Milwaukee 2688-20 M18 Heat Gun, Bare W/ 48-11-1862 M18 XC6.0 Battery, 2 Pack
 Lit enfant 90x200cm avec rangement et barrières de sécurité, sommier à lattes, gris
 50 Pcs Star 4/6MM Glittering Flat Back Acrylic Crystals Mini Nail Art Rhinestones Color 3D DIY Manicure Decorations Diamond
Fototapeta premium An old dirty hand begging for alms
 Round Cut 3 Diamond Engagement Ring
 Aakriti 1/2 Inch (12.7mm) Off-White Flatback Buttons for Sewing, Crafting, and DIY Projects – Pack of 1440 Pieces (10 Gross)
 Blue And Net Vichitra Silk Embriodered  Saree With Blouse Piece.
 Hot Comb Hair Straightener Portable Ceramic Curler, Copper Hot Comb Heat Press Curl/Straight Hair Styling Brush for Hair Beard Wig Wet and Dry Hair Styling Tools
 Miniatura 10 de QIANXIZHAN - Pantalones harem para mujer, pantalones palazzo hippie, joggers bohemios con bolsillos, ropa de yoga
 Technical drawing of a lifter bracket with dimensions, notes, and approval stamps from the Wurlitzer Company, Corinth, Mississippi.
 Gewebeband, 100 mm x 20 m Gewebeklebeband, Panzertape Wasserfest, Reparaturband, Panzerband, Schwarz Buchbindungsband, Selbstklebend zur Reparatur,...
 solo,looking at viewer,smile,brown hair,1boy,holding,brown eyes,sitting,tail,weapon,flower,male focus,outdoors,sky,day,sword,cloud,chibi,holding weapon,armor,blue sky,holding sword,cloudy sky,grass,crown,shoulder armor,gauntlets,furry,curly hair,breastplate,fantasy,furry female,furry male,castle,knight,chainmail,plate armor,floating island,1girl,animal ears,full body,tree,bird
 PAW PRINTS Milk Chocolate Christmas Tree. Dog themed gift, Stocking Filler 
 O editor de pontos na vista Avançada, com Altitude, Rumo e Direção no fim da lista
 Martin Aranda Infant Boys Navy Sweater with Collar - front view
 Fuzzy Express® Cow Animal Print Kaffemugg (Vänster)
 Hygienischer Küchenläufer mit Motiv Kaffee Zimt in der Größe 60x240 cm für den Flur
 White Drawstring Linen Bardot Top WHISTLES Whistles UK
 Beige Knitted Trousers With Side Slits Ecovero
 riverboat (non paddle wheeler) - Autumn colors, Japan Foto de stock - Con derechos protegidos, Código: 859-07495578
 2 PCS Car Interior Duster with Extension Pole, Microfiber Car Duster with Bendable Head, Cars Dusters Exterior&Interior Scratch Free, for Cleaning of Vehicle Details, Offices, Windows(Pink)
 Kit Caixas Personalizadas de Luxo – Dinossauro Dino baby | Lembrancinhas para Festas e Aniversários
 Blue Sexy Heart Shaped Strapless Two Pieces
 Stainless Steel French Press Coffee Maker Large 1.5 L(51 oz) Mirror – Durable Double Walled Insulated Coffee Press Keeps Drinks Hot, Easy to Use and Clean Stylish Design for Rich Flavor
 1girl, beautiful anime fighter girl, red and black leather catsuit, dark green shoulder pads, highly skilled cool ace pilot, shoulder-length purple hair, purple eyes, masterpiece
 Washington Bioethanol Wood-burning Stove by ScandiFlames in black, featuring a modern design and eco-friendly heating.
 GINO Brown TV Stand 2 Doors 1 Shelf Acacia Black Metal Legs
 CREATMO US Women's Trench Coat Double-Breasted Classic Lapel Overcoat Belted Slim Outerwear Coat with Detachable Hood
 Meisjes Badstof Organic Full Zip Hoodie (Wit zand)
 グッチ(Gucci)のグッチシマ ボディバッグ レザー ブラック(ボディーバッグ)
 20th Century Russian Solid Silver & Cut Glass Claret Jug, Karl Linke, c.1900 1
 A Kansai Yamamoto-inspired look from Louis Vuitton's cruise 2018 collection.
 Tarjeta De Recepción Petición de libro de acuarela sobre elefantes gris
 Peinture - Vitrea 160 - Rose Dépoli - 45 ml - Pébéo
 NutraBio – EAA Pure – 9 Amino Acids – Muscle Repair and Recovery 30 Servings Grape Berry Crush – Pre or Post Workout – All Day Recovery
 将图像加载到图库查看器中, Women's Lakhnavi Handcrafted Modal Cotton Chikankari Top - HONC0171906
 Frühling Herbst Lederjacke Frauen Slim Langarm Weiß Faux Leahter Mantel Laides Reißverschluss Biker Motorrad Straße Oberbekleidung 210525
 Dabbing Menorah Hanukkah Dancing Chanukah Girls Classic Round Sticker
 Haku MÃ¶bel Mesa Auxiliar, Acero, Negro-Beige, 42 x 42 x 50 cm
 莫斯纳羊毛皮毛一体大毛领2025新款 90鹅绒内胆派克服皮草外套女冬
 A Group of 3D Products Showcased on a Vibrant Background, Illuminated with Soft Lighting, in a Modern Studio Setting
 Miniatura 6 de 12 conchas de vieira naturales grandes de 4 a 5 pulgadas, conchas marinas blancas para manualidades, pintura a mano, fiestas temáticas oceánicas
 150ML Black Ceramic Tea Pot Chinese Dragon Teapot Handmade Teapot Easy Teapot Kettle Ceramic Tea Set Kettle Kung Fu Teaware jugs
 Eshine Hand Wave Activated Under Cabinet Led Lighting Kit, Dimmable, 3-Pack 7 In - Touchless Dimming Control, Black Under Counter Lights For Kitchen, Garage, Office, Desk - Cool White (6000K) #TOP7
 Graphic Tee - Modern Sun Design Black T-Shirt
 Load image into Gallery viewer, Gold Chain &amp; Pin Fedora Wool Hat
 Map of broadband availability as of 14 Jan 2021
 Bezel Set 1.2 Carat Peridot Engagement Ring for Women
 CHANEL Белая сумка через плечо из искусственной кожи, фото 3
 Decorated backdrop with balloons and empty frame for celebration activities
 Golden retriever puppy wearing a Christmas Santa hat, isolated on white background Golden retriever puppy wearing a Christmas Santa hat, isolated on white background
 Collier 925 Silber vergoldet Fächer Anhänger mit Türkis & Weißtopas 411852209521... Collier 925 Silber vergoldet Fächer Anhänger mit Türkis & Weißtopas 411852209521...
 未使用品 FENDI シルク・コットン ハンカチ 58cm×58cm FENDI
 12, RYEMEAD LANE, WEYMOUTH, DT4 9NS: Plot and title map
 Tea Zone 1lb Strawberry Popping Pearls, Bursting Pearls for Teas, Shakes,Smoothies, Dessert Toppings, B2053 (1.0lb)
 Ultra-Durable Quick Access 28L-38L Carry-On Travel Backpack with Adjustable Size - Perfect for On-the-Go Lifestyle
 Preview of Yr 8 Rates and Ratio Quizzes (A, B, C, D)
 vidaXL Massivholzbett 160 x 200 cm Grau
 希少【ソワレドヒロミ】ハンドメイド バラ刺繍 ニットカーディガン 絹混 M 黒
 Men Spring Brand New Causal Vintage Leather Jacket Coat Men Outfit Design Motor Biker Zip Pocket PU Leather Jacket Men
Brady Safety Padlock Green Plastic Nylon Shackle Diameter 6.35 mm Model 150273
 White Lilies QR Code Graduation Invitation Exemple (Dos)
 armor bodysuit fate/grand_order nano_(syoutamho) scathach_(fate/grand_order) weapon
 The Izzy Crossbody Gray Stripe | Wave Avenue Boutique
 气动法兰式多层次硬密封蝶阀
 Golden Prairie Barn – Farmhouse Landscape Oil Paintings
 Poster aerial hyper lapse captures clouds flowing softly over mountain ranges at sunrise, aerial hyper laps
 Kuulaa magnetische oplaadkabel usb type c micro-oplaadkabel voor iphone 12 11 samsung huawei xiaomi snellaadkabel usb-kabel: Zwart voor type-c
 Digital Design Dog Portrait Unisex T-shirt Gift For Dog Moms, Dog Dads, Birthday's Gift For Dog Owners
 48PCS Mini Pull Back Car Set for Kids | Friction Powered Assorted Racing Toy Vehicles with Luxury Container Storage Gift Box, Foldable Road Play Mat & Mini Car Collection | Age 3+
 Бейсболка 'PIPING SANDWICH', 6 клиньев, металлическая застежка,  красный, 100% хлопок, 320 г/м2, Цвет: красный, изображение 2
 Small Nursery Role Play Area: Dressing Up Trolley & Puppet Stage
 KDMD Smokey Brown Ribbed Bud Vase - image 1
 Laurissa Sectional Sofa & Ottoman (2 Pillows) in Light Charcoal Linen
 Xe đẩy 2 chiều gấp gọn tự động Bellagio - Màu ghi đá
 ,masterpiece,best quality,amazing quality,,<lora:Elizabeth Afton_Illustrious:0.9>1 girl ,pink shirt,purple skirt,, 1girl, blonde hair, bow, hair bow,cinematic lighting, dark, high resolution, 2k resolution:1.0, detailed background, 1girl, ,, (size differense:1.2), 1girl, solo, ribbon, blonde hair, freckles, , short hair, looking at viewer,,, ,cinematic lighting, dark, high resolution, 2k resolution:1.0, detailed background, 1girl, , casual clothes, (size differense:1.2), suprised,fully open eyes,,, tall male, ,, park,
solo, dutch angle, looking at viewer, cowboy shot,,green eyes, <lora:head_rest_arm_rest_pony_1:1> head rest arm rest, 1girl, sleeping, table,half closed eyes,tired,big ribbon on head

──────────

*PROBLEM TO WORK ON*: Please output only the lines from the first line of the entries through the line with "Blue And Net", both included, exactly as written.

*RESPONSE BELOW*:
Milwaukee 2688-20 M18 Heat Gun, Bare W/ 48-11-1862 M18 XC6.0 Battery, 2 Pack
 Lit enfant 90x200cm avec rangement et barrières de sécurité, sommier à lattes, gris
 50 Pcs Star 4/6MM Glittering Flat Back Acrylic Crystals Mini Nail Art Rhinestones Color 3D DIY Manicure Decorations Diamond
Fototapeta premium An old dirty hand begging for alms
 Round Cut 3 Diamond Engagement Ring
 Aakriti 1/2 Inch (12.7mm) Off-White Flatback Buttons for Sewing, Crafting, and DIY Projects – Pack of 1440 Pieces (10 Gross)
 Blue And Net Vichitra Silk Embriodered  Saree With Blouse Piece.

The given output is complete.